(a) To solve \(\int_1^a \frac{\ln x}{\sqrt{x}} \, dx = 6\), we start by integrating:

\(\int \frac{\ln x}{\sqrt{x}} \, dx = 2\sqrt{x} \ln x - 4\sqrt{x} + C\).

Substitute the limits and equate to 6:

\(\left[ 2\sqrt{a} \ln a - 4\sqrt{a} \right] - \left[ 2\cdot1\ln 1 - 4\cdot1 \right] = 6\).

Simplify to get:

\(2\sqrt{a} \ln a - 4\sqrt{a} + 4 = 6\).

Rearrange to find \(a = \exp \left( \frac{1}{\sqrt{a}} + 2 \right)\).

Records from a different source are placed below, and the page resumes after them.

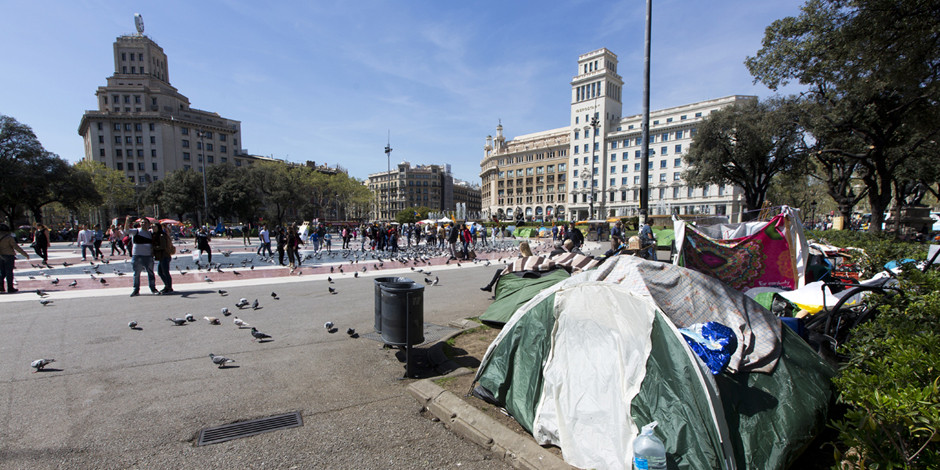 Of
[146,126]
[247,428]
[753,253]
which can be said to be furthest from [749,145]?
[146,126]

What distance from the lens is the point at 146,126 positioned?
253 ft

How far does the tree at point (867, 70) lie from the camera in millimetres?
8281

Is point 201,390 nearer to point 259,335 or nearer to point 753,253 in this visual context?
point 259,335

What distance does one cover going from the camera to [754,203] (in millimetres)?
31734

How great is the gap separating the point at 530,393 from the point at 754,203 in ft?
118

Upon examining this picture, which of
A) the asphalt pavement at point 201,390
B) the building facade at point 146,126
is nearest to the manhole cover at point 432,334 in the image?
the asphalt pavement at point 201,390

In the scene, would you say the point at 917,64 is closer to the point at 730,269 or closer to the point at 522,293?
the point at 730,269

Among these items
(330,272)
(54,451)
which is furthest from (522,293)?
(330,272)

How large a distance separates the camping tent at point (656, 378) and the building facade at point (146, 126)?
274 feet

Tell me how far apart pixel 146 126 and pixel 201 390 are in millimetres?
97039

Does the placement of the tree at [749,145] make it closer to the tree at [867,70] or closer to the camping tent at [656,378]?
the tree at [867,70]

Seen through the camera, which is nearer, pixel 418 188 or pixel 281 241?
pixel 281 241

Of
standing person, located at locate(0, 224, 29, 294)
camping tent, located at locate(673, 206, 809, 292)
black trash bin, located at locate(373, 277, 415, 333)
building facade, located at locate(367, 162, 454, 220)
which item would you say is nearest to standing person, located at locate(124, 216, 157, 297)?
standing person, located at locate(0, 224, 29, 294)

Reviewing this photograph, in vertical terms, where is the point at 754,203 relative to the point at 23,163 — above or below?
below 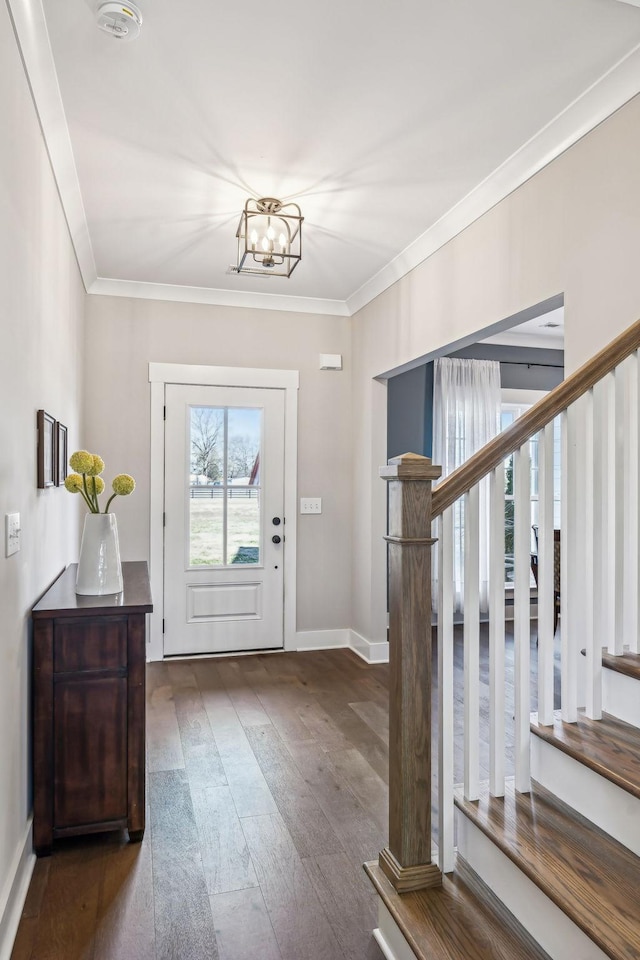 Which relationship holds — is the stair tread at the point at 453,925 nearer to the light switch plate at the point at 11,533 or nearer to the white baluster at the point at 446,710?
the white baluster at the point at 446,710

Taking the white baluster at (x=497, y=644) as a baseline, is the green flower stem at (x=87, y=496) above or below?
above

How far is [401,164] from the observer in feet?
9.24

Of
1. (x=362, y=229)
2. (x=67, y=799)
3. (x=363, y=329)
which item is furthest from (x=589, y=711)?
(x=363, y=329)

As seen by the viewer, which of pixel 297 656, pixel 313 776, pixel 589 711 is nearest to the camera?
pixel 589 711

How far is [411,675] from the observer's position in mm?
1771

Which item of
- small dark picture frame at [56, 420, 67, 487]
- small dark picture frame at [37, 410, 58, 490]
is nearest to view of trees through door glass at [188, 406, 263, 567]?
small dark picture frame at [56, 420, 67, 487]

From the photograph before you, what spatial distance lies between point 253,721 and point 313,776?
72 cm

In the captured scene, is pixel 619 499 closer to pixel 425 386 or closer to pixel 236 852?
pixel 236 852

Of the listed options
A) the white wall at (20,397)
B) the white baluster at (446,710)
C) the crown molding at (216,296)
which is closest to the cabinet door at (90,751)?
the white wall at (20,397)

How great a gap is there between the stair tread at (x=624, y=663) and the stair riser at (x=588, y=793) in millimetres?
300

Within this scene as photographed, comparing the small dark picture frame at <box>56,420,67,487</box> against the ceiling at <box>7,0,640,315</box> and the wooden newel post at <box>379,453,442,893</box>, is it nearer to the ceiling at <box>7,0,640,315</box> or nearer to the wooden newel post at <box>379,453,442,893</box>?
the ceiling at <box>7,0,640,315</box>

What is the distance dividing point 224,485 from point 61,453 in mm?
1674

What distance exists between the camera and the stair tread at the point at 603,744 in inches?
61.7

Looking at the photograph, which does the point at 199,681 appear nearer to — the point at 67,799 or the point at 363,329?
the point at 67,799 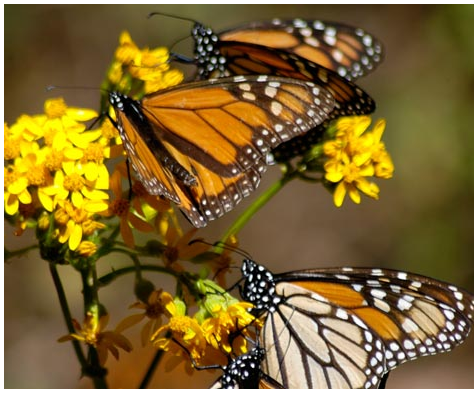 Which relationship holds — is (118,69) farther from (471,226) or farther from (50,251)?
(471,226)

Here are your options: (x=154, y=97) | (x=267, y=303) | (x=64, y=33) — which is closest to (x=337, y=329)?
(x=267, y=303)

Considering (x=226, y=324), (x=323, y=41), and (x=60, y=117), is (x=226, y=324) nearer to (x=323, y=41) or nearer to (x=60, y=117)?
(x=60, y=117)

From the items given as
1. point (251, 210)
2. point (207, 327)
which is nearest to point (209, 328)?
point (207, 327)

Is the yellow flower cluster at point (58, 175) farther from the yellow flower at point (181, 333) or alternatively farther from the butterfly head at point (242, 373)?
the butterfly head at point (242, 373)

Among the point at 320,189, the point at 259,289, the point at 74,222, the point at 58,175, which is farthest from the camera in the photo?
the point at 320,189

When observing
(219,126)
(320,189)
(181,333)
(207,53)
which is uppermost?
(207,53) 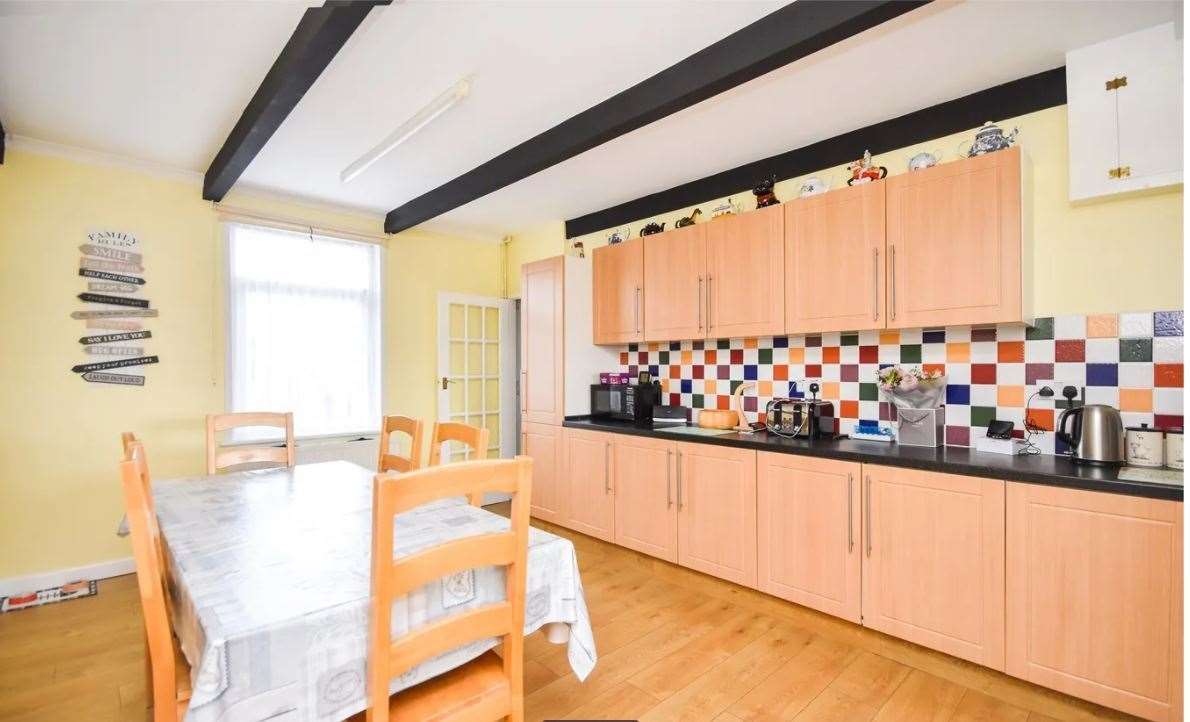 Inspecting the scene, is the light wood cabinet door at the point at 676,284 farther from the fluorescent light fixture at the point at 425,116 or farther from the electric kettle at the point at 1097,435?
the electric kettle at the point at 1097,435

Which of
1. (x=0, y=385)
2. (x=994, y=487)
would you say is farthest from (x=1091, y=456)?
(x=0, y=385)

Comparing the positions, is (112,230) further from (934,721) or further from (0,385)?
(934,721)

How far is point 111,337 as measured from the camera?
3217 mm

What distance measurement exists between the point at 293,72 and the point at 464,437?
1.59 meters

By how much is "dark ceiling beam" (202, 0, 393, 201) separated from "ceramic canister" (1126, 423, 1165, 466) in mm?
3162

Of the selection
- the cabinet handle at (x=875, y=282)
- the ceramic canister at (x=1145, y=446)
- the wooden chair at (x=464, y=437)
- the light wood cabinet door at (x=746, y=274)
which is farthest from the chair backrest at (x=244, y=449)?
the ceramic canister at (x=1145, y=446)

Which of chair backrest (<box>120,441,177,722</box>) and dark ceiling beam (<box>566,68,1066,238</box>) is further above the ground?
dark ceiling beam (<box>566,68,1066,238</box>)

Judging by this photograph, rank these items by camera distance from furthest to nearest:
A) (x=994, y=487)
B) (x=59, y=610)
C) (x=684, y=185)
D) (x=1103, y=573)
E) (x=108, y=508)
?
1. (x=684, y=185)
2. (x=108, y=508)
3. (x=59, y=610)
4. (x=994, y=487)
5. (x=1103, y=573)

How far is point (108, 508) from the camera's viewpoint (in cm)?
322

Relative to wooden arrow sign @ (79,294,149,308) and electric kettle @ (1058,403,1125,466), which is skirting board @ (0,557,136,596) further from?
electric kettle @ (1058,403,1125,466)

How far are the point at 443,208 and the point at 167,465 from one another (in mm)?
2471

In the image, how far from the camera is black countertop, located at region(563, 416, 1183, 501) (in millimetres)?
1796

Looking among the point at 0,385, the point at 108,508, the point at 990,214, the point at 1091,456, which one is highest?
the point at 990,214

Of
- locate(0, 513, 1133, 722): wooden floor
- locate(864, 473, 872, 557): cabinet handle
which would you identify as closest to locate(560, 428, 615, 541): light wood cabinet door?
locate(0, 513, 1133, 722): wooden floor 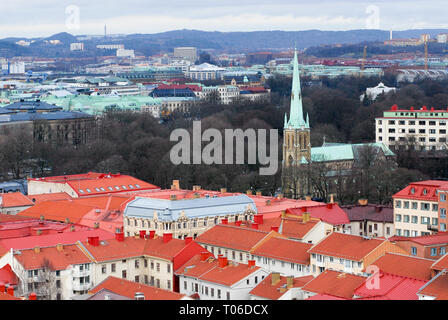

(b) Calculate \(a\) for \(a = 9\) and \(a = 11\):

For \(a = 9\), \(9 < 10.31\).

For \(a = 11\), \(11 > 9.99\).

Thus, \(a\) lies between 9 and 11.

(c) Use the iterative process \(a_{n+1} = \exp \left( \frac{1}{\sqrt{a_n}} + 2 \right)\):

Start with an initial guess, say \(a_1 = 10\).

Calculate successive iterations:

\(a_2 = \exp \left( \frac{1}{\sqrt{10}} + 2 \right) \approx 10.1374\)

\(a_3 = \exp \left( \frac{1}{\sqrt{10.1374}} + 2 \right) \approx 10.1156\)

\(a_4 = \exp \left( \frac{1}{\sqrt{10.1156}} + 2 \right) \approx 10.1190\)

Continue until convergence to 2 decimal places: \(a \approx 10.12\).